Kathleen-McGintyDemocratic candidate for governor Katie McGinty has put together a proposal that would spur investment and revitalization in communities throughout the state.

By focusing on local development projects — specifically environmentally-friendly ones, including the purchase of abandoned property and infrastructure for redevelopment — McGinty’s proposal is a comprehensive plan that could effectively help all cities and towns throughout the Commonwealth move forward economically.

“Too many boroughs, towns, and neighborhoods throughout the Commonwealth have too many abandoned buildings, distressed downtowns, and too few parks and green spaces for families to enjoy,” McGinty said. “Under a McGinty Administration, we are going to invest in communities to make them more livable and attractive for residents and businesses.”
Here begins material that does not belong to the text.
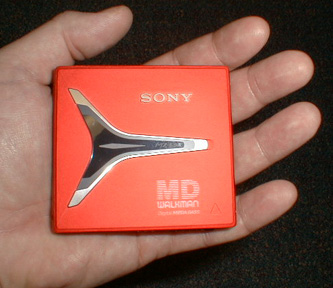 Sony MZ-E90 in hand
To usher in this type of investment and change, the proposal starts by promising $300 million in state funding that would go directly to municipal land banks. With the extra funding, these banks would “buy and redevelop abandoned and blighted properties,” thus utilizing infrastructure already available to help better communities throughout the state.

“We will reclaim brownfields and grayfields before we develop greenfields. We will invest in rehabilitating existing buildings and downtown areas,” McGinty said. “We will improve existing roads and bridges and fix antiquated infrastructure before building expensive and redundant new projects.”

In addition, where municipal land banks are unavailable, $125 million would go to help establish these banks in areas that are in need of economic revitalization. Although all communities involved would be required to match a third of the amount of money given by the state, all profits from revitalization efforts would be retained by the area to boost further investment.

Next, McGinty’s proposal includes up to $165 million in bond proceeds that would go towards creating greenways, parks and bike trails, as well as improving streetscapes and recapturing waterfront areas.

The proposal also focuses on attracting private investment in an effort to expand community redevelopment projects already in place, including CRIZ and Act 47 efforts. McGinty’s administration would support these efforts by creating a public-private relationship that would yield $3 in private investment for every $1 in state aid.

Finally, another key component of McGinty’s proposal is the reform and retooling of community pension systems with the help of the state.

To start, money would be allocated to encourage stressed pension plans to be reinvested through the Pennsylvania Municipal Retirement System, which, according to McGinty, offers “a higher return on investments than most local governments are earning, and at a reduced cost.”

Furthermore, an added surcharge would be attached to the Foreign Fire and Casualty Premium Tax. The extra revenue garnered from the surcharge would be used to encourage communities to consolidate existing pension plans that are under-performing. Her administration would also work to create a uniform pension model that could be followed throughout the Commonwealth.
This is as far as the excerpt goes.